Engraçado que o tema aparece amiúde retratado no cinema, mas nunca encontrei um jogo que trate esta temática exactamente da mesma forma que este jogo faz.
Vocês sabem como gosto quando faço parte da história e esta me vai sendo dada de forma linear, sem ser empurrada pela goela abaixo, sem confabulações mirabolantes. Aqui a história é calma, com personagens memoráveis, sem nada que te cause receio ou de alguma forma te faça olhar de esguelha para uma questline, afinal estás morto, com o que é que te podem ameaçar mais? Em Spiritfarer ajudas as personagens, a maioria teus familiares, a aceitar o seu estado. Essa função passa invariavelmente por realizares tarefas dadas por eles. Essas tarefas são uma forma um bocado mal disfarçada de nos levarem à aventura e a explorar um mapa que se revela gigantesco para o tipo de jogo que é e nos faz conhecer mais almas, adquirir novas habilidades, recolher mais materiais.
Há um componente grande de crafting. De certa forma tem um bocado de Stardew Valley, mas sem te obrigar meeesmo a fazer as coisas, isto é, certo que consoante os pedidos terás de plantar sementes, transformar recursos, cozinhar, pescar, apanhar fruta ou tomar conta de animais, mas não és literalmente obrigado a fazer isso, nem tens um tempo próprio para fazer as coisas. Se te aparecer que a comida está pronta, não tens de ir a correr tirá-la do forno ou ela queima, se te aparecer que tens de regar o jardim não tens de ir a correr fazê-lo ou a planta morre.

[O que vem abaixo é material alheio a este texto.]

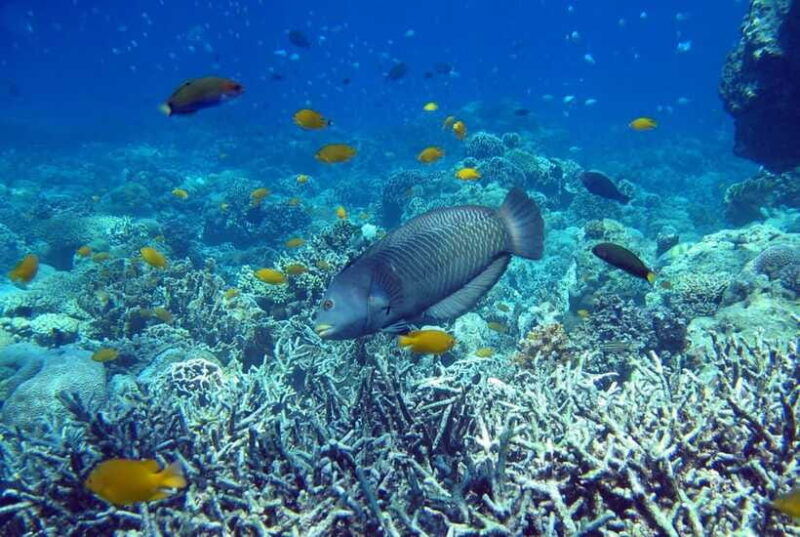 cebu-mactan-island-hopping-picnic-lunch-private-tour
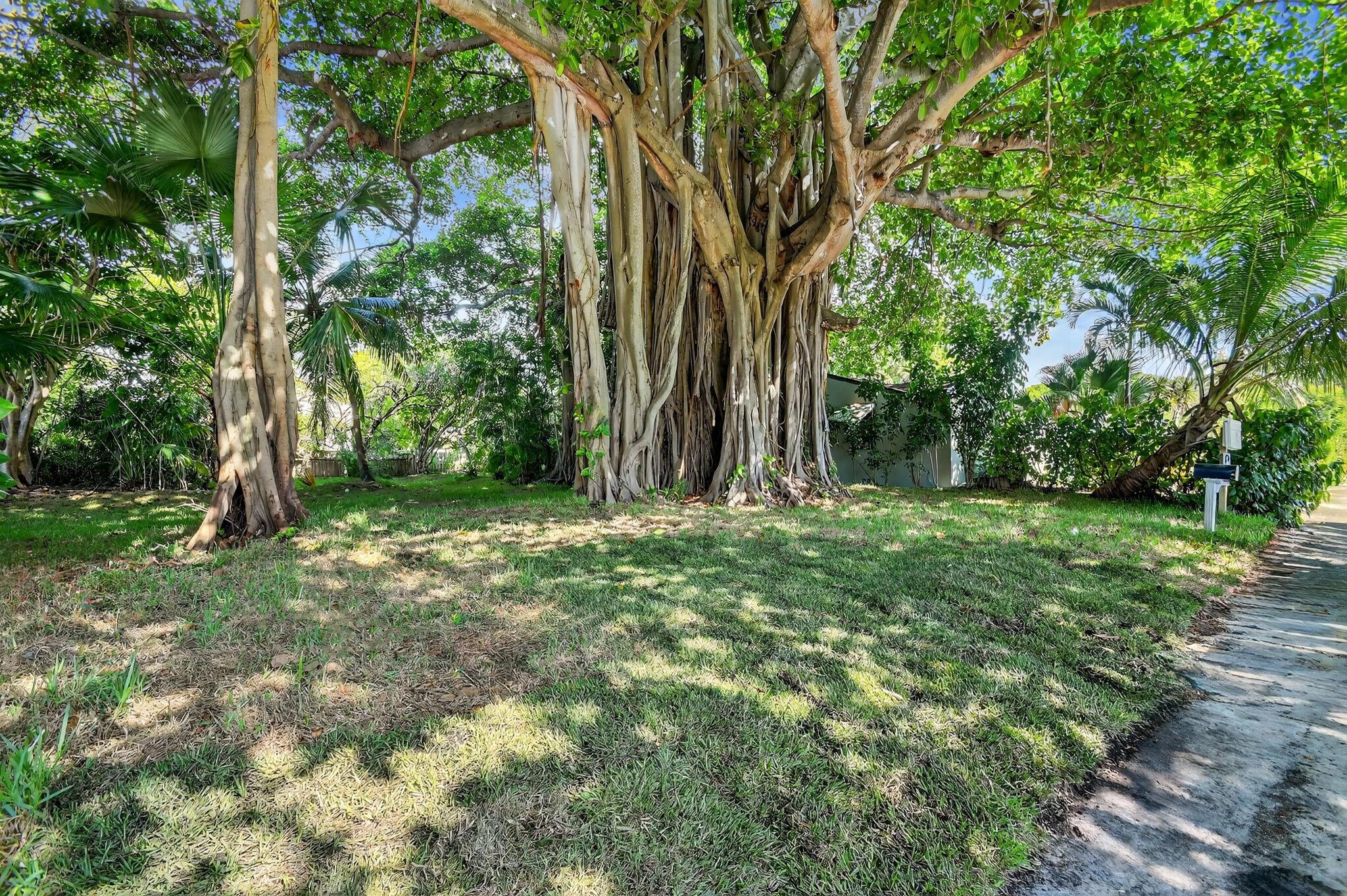 View photos, virtual tours, details... 523 S M 1 Street 1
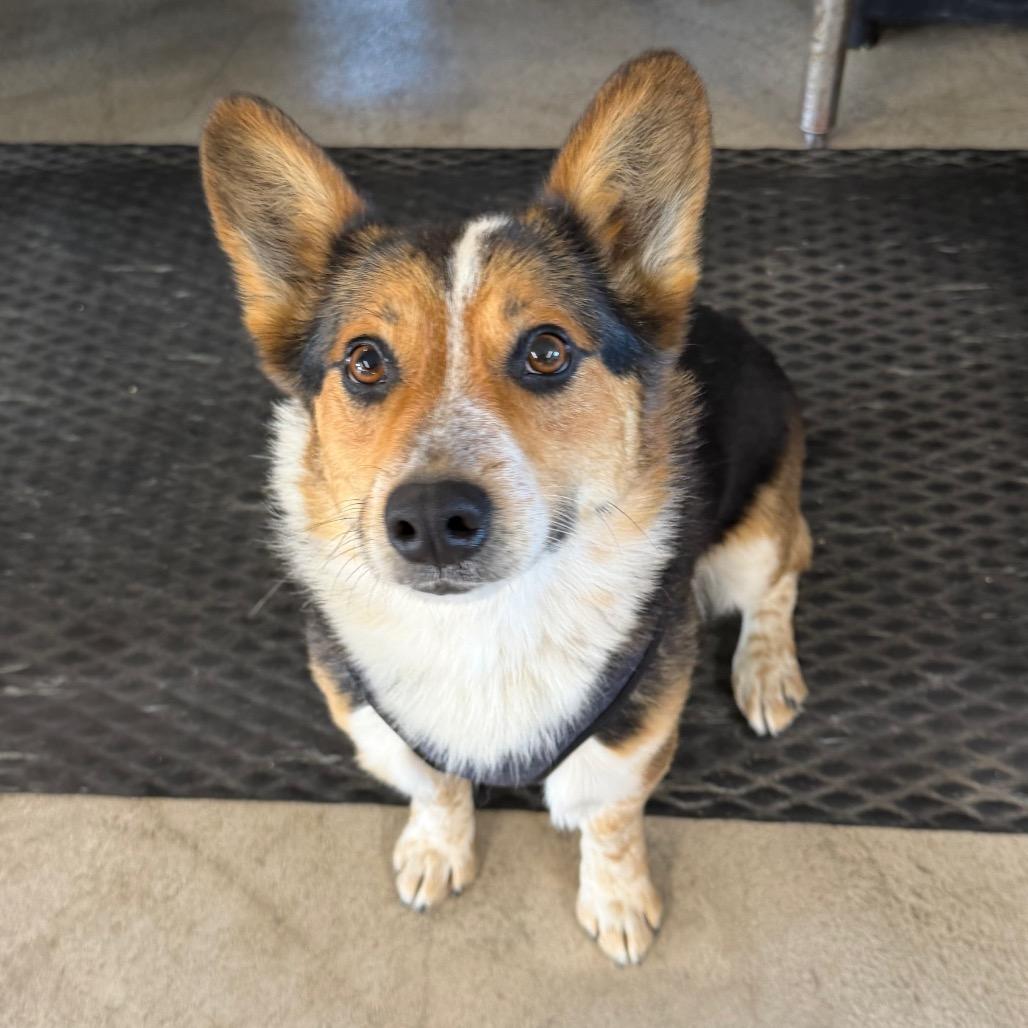 Enlarge Stanley, a Adoptable mixed breed in Spanish Fork, UT image 1/1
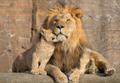 CDK-00110 - Familia Leones 5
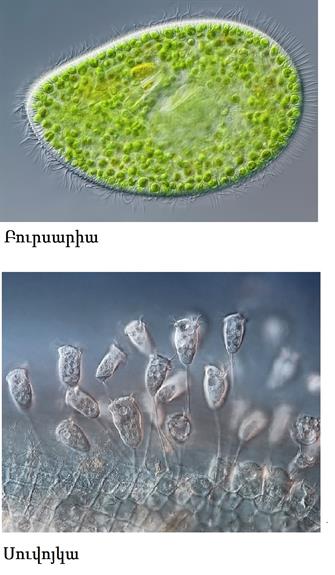 paramecium-bursaria-ciliate-gerd-guenther.jpg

Podes fazer tudo no teu tempo, as coisas podem esperar.
O foco do jogo é mesmo a criação duma relação com as outras almas, e se os nossos familiares são memoráveis, com momentos frequentemente enternecedores ou marcantes, também há personagens menos desenvolvidos, que servem muitas vezes para enriquecer a linha de outro personagem, ou somente para nos darem recompensas para conseguirmos obter determinadas habilidades.

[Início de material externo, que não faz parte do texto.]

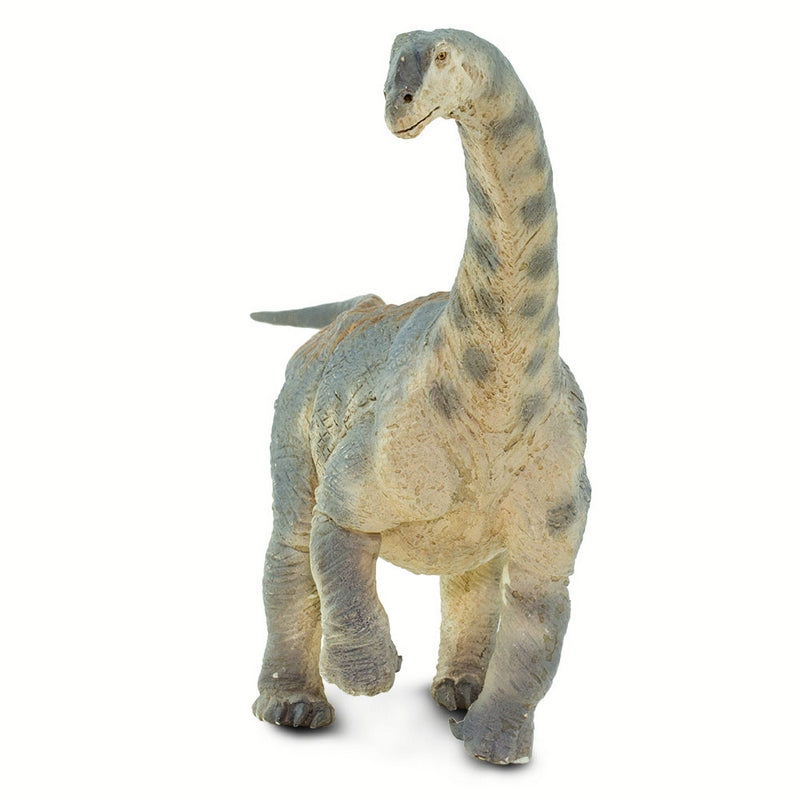 Safari Ltd Camarasaurus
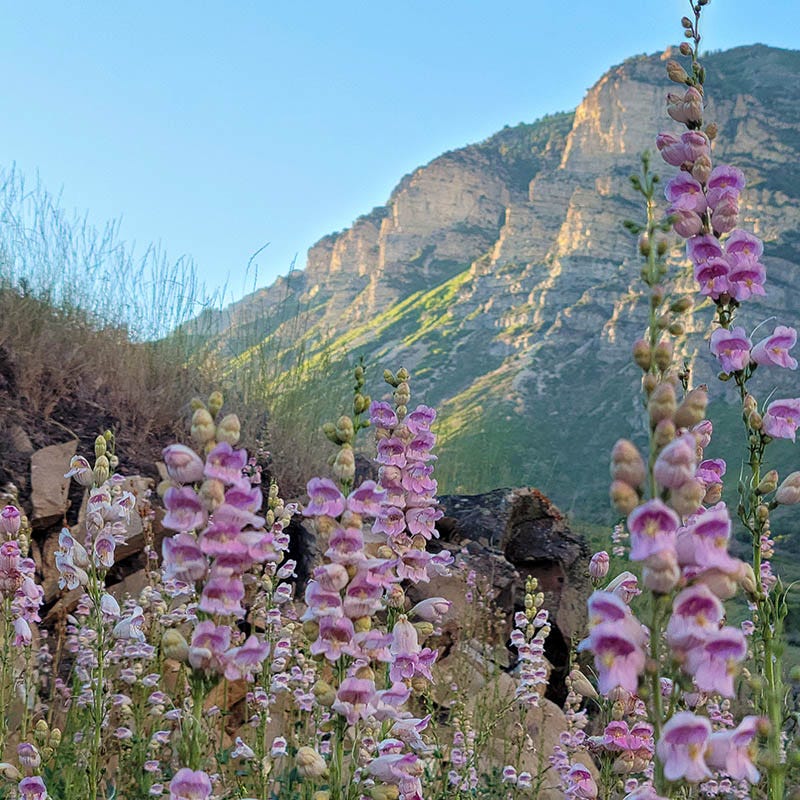 Palmer's Penstemon Seeds
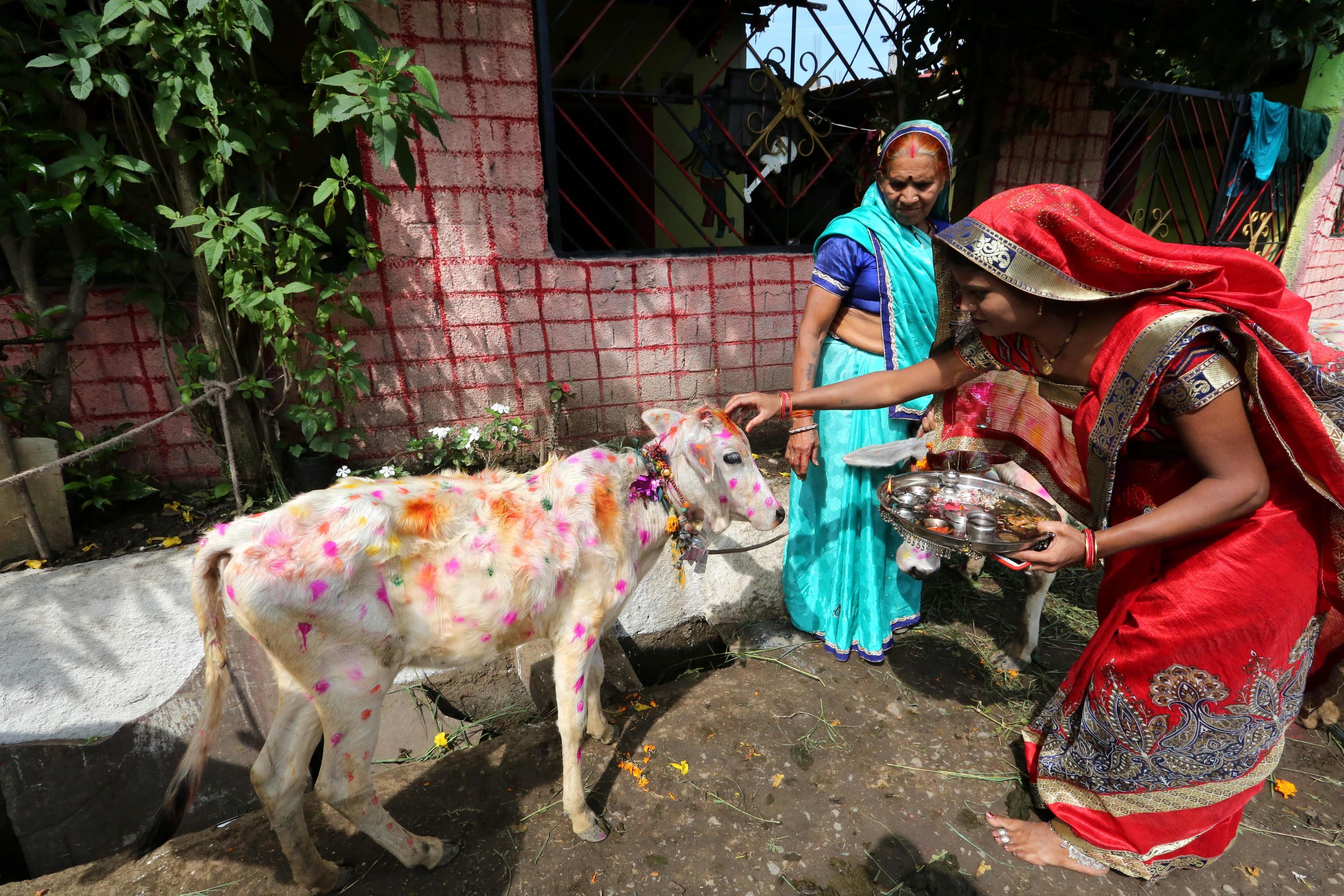 Una mucca decorata da una donna indiana, durante i festeggiamenti del Diwali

Ajudar as almas envolve muitas vezes criar um ambiente único para cada uma delas, o que faz com que Spiritfarer tenha um componente de construção interessante. Já vos disse que estamos num barco? Não? Bem, digo agora. No nosso barco temos de encaixar as construções de edifícios com o espaço disponível. Podemos desenvolver o barco, torna-lo maior, mas não é barato. Tirando o primeiro upgrade, e considerando que adorei as tarefas mundanas que tive de fazer, não voltei a ter dificuldade de espaço, mas há outras dificuldades relacionadas com exploração. Entendam, o jogo não requer grind forçoso, mas de tempos a tempo requer dinheiro ou materiais que podes não ter. Nessas alturas terás que explorar mais ou jogar da maneira mais fácil e criar com os recursos que podes fazer no barco. Eu relembro que adorei essas tarefas e em nenhum momento fiquei aborrecido, mas entendo que as pessoas possam ficar caso joguem da forma que fiz.
Mesmo explorar os oceanos não é uma viagem linear. Por um lado há um componente de metroidvania, onde só acedemos a determinados materiais ou personagens quando tivermos determinada habilidades, por outro frequentemente olhamos para o mapa e iniciamos um projecto que nos afasta da história. Às 20h de jogo percebi que estava atrasadíssimo na história e, ok, admito, fiquei emperrado pois o barco necessitava dum upgrade que me obrigava a avançar na história se queria continuar a explorar. Aí dediquei-me um bocado mais à história, a avançar de forma mais directa, absorver as personagens de forma mais rápida e intensa, algo que tornou o momento de separação uma verdadeira perda.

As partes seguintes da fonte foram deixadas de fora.